SOURCE INFORMATION below:

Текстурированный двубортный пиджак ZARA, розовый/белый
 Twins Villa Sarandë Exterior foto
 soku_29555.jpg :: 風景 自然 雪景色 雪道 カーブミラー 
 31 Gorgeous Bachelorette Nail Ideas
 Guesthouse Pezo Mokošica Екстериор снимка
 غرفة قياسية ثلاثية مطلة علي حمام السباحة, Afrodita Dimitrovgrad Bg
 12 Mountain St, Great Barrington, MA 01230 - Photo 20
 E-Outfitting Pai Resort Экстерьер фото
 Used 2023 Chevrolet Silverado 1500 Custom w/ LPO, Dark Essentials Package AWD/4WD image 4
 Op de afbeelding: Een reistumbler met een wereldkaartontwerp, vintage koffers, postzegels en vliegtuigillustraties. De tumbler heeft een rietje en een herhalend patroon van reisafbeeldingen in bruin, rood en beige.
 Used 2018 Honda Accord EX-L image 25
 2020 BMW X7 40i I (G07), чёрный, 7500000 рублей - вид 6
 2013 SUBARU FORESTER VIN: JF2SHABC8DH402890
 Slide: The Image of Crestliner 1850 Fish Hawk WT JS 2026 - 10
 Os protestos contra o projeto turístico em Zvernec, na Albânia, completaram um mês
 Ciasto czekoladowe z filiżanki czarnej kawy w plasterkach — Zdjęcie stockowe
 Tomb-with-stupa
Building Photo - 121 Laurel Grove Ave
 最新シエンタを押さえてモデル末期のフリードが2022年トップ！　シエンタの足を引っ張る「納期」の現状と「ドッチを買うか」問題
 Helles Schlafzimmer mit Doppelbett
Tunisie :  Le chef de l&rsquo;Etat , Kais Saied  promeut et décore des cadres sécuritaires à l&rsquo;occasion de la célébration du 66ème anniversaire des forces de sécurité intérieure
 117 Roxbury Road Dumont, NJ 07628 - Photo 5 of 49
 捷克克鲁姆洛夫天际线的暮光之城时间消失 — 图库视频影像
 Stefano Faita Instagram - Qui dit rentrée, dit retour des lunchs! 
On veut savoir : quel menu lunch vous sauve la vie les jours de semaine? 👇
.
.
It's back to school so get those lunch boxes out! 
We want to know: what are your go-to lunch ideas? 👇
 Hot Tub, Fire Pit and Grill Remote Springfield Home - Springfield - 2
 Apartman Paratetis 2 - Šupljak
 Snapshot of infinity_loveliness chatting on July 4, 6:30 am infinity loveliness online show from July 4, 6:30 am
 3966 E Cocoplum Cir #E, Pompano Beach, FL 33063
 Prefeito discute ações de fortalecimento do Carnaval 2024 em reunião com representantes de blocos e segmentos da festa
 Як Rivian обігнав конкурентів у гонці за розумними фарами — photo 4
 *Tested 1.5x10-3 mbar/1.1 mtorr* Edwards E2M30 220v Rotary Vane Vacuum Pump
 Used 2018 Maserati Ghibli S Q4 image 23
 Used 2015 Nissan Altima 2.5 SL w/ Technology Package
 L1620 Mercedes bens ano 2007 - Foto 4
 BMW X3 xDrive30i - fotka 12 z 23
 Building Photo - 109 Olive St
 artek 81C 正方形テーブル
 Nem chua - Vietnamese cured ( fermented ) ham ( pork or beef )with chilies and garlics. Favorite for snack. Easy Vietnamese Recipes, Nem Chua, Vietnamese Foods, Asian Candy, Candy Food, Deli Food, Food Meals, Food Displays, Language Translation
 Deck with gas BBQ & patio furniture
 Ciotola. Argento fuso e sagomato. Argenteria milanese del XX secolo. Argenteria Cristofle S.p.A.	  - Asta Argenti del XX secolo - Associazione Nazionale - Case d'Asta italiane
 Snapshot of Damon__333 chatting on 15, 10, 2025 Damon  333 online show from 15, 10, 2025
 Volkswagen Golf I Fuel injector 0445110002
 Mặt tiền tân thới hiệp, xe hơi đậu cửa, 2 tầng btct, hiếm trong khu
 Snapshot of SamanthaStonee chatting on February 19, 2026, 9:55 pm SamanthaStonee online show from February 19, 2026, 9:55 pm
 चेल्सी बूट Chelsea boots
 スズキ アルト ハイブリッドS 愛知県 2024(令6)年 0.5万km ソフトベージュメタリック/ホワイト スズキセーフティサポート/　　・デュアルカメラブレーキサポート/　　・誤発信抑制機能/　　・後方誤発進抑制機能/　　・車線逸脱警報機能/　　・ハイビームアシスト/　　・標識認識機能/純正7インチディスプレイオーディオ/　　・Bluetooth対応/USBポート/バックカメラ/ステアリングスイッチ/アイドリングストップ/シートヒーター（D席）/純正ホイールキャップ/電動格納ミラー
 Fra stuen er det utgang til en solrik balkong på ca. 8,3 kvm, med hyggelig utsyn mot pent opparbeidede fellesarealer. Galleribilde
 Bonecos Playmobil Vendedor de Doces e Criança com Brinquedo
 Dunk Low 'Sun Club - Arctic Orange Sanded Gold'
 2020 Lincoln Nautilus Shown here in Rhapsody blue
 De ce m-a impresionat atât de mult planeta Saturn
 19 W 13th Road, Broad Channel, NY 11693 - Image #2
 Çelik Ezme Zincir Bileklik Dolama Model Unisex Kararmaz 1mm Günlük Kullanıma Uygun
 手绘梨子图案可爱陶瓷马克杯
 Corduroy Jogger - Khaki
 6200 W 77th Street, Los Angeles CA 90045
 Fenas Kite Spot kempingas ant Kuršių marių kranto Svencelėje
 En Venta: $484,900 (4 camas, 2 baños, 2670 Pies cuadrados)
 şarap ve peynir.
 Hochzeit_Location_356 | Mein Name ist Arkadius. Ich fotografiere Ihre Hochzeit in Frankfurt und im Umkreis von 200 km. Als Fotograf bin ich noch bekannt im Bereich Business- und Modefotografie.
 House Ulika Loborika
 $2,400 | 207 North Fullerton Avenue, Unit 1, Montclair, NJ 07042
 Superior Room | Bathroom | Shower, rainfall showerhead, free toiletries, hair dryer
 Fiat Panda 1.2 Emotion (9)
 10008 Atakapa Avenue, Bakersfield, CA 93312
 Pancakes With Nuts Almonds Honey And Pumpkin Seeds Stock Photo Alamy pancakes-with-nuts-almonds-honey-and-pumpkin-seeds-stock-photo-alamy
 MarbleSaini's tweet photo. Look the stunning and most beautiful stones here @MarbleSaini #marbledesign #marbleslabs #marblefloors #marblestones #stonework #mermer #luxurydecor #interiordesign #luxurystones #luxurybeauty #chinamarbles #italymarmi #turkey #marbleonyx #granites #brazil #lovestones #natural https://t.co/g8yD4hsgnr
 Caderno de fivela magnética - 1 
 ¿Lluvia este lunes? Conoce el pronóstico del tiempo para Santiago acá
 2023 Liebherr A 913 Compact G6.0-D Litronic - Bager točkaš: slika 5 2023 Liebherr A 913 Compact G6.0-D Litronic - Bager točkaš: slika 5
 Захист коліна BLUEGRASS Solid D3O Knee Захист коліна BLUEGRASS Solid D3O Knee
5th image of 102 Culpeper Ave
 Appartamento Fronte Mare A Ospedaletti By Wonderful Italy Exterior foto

End of SOURCE INFORMATION.

## EXERCISE AIM
Both the line containing "Tomb-with-stupa" and the line containing "We want to know: what" belong in the answer. Print them and every line above that falls between them exactly, and no others.

## RESULT BELOW
 Tomb-with-stupa
Building Photo - 121 Laurel Grove Ave
 最新シエンタを押さえてモデル末期のフリードが2022年トップ！　シエンタの足を引っ張る「納期」の現状と「ドッチを買うか」問題
 Helles Schlafzimmer mit Doppelbett
Tunisie :  Le chef de l&rsquo;Etat , Kais Saied  promeut et décore des cadres sécuritaires à l&rsquo;occasion de la célébration du 66ème anniversaire des forces de sécurité intérieure
 117 Roxbury Road Dumont, NJ 07628 - Photo 5 of 49
 捷克克鲁姆洛夫天际线的暮光之城时间消失 — 图库视频影像
 Stefano Faita Instagram - Qui dit rentrée, dit retour des lunchs! 
On veut savoir : quel menu lunch vous sauve la vie les jours de semaine? 👇
.
.
It's back to school so get those lunch boxes out! 
We want to know: what are your go-to lunch ideas? 👇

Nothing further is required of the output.